▶ _WHAT THE EXERCISE ASKS_
Leave out the pictures and transcribe the rest of the records exactly.

▶ _MATERIAL PROVIDED_
+++++

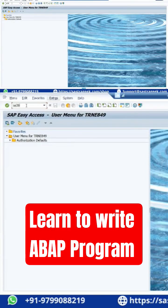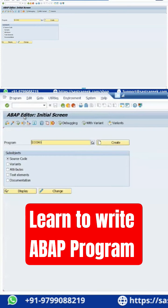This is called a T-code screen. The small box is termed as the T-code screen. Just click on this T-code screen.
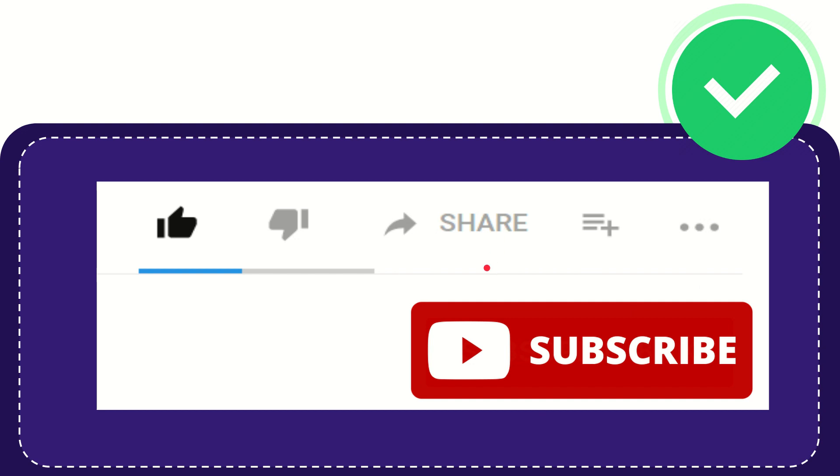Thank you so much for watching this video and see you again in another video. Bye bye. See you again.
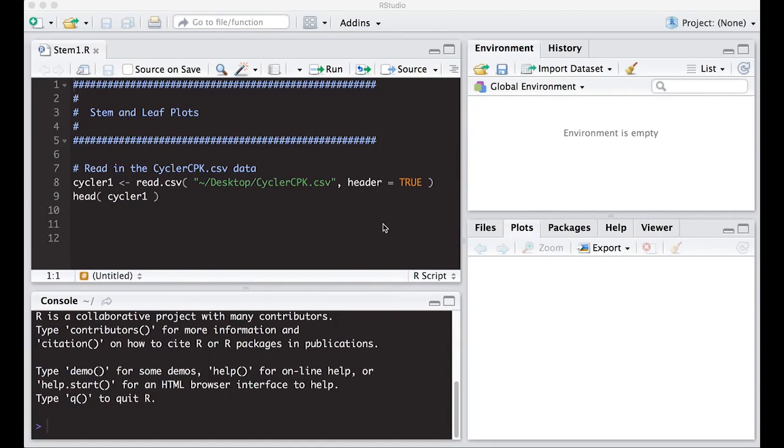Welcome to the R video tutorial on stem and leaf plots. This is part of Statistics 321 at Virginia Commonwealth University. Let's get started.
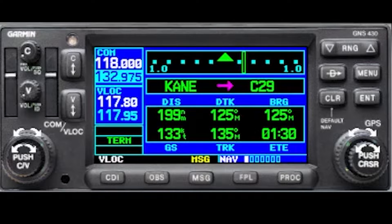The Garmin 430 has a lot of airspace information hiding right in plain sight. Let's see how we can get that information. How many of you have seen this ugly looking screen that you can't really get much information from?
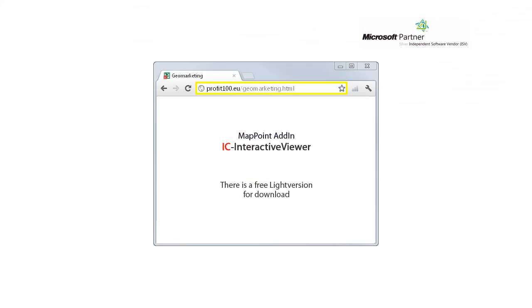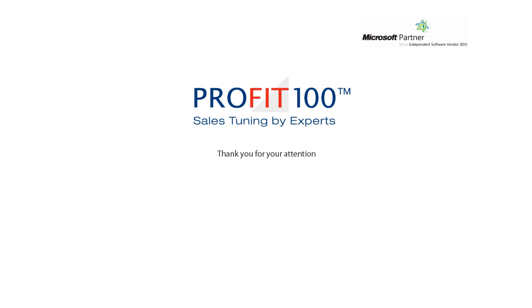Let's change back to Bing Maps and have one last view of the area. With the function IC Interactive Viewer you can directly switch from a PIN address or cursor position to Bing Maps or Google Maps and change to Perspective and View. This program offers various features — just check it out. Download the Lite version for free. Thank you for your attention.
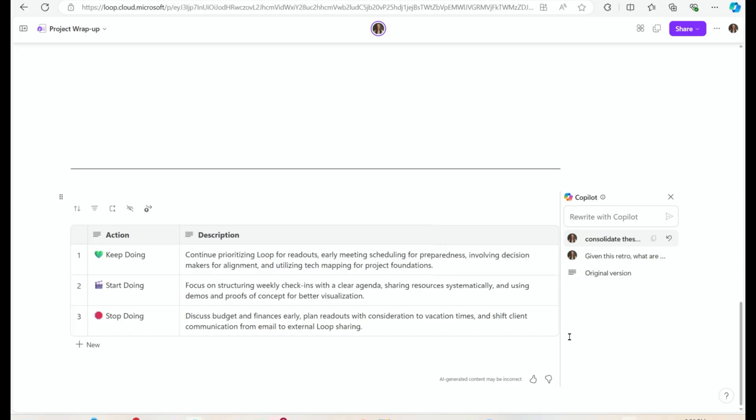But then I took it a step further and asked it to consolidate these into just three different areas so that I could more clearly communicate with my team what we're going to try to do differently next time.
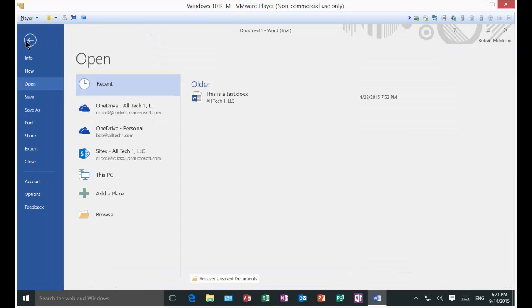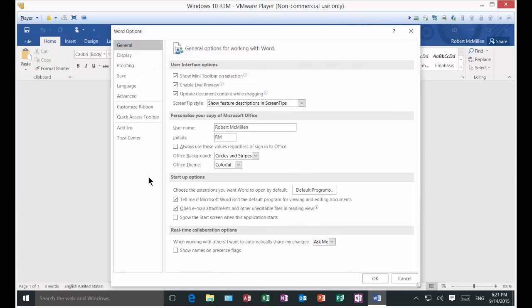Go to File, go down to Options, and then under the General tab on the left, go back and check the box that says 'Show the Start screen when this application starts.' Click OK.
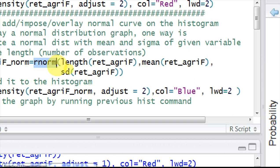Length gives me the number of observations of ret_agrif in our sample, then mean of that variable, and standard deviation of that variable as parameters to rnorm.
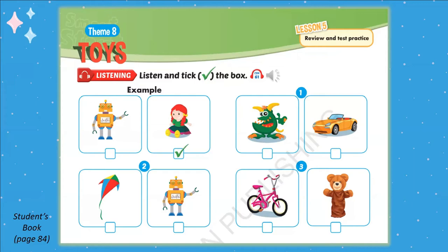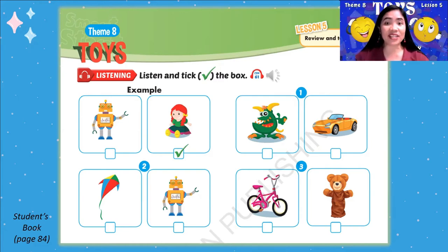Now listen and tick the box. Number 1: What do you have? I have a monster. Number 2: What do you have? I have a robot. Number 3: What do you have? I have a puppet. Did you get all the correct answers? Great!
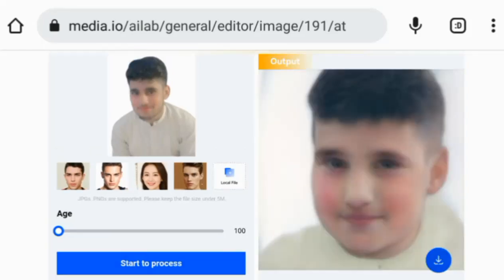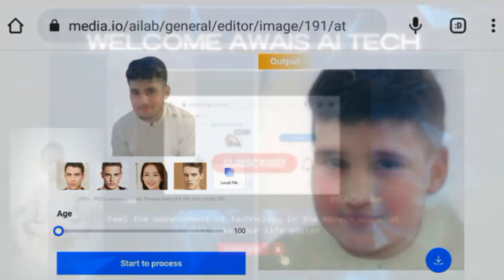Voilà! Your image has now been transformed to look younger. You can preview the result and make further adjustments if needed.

+++++

▶ _EXERCISE ANSWER_
This is called a T-code screen. The small box is termed as the T-code screen. Just click on this T-code screen.
Thank you so much for watching this video and see you again in another video. Bye bye. See you again.
Welcome to the R video tutorial on stem and leaf plots. This is part of Statistics 321 at Virginia Commonwealth University. Let's get started.
The Garmin 430 has a lot of airspace information hiding right in plain sight. Let's see how we can get that information. How many of you have seen this ugly looking screen that you can't really get much information from?
Let's change back to Bing Maps and have one last view of the area. With the function IC Interactive Viewer you can directly switch from a PIN address or cursor position to Bing Maps or Google Maps and change to Perspective and View. This program offers various features — just check it out. Download the Lite version for free. Thank you for your attention.
But then I took it a step further and asked it to consolidate these into just three different areas so that I could more clearly communicate with my team what we're going to try to do differently next time.
Go to File, go down to Options, and then under the General tab on the left, go back and check the box that says 'Show the Start screen when this application starts.' Click OK.
Length gives me the number of observations of ret_agrif in our sample, then mean of that variable, and standard deviation of that variable as parameters to rnorm.
Now listen and tick the box. Number 1: What do you have? I have a monster. Number 2: What do you have? I have a robot. Number 3: What do you have? I have a puppet. Did you get all the correct answers? Great!
Voilà! Your image has now been transformed to look younger. You can preview the result and make further adjustments if needed.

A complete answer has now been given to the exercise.